Digital Initiatives Home About the Digital Initiatives Services Research and Development Metadata Reports Ask Questions Virgo Catalog
University of Virginia
University of Virginia Library
Digital Initiatives: Reports

Procedure for Selecting Pre-1923 Texts for Digitization

April 29, 2002

As put forth in the Library of Tomorrow report, the development of the Digital Library is an opportunity to bring all Library staff to a new level of understanding of library service in the twenty-first century. Policies relating to the selection of digital material have their roots in policies for traditional materials, but digital materials provide a host of complex issues, not the least of which are copyright and prioritizing, in light of limited resources for an expensive process. Therefore, it is important that selectors understand the issues surrounding digital creation, purchase, and harvesting so as to make informed decisions about digital collection building. In addition to asking selectors and Information Community coordinators to be responsible for allocating finite resources, involvement with digital selection will improve selectors' "ownership" of the Digital Library as they make decisions that build collections of digital teaching and research materials.
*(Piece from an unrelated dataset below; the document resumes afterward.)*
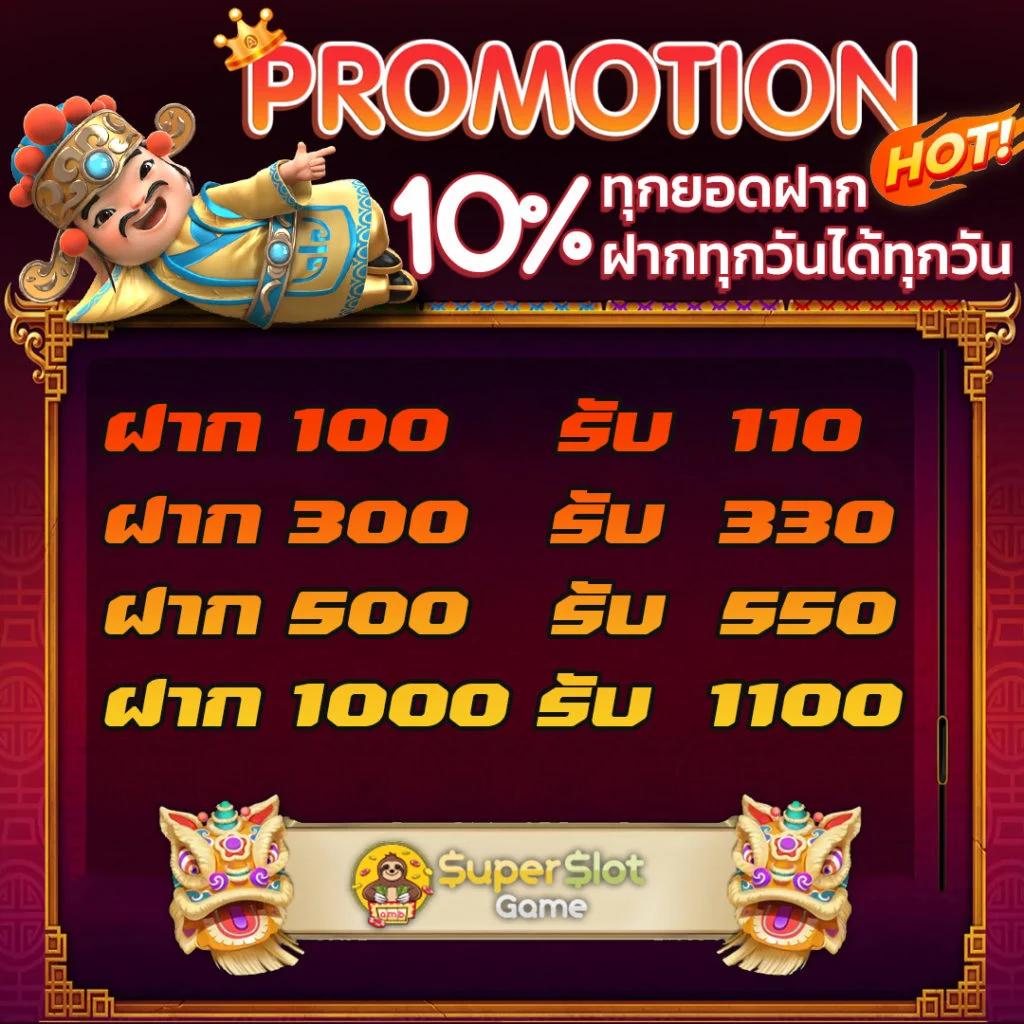 282สล็อต แพลตฟอร์มคาสิโนออนไลน์ยอดนิยมเกมทันสมัยที่สุดในประเทศไทย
This procedure outlining text selection for digitization was developed by the Digital Contents Review Team (DCRT), the group that advises Digital Library Production Services (DLPS) on Library priorities for digitization. It addresses the criteria to be used for selecting books for digitization (in most, but not necessarily all, cases from our existing pre-1923 print collection), and outlines how to respond to faculty requests for digitizing books.

Assumptions
Digital Collection Building
Four Ways of Building Digital Collections
Responding to and Referring Faculty Requests
Faculty Without Funding
Faculty With Funding
Digital Page Allotments

Assumptions

Eight assumptions and guidelines govern the text selection procedure outlined here:

 1. The UVA Library will build a collection of digital materials that will support programmatic needs (both teaching and research) at the University of Virginia. Within this collection high priority materials will  meet at least one of the following criteria:
  •  Are unique to UVA or the region
  •  Gain added value by being digitized
  •  Have interdisciplinary interest
  •   Warrant reformatting due to condition and/or high use

Only books, which are out of copyright or for which we have gained permission to digitize, can be added to the collection; although there may also be instructional materials in copyright, which are included, with access limited to UVA users. Selection of these materials is made by the subject specialist in each area in collaboration with their faculty; or by an Information Community coordinator. The ECenters, subject specialists, and Information Community coordinators will work closely to provide materials requested for faculty projects, with subject specialists and Information Community coordinators responsible for "funding" these materials out of their annual page allocations (explained in the section below, Digital Page Allotments).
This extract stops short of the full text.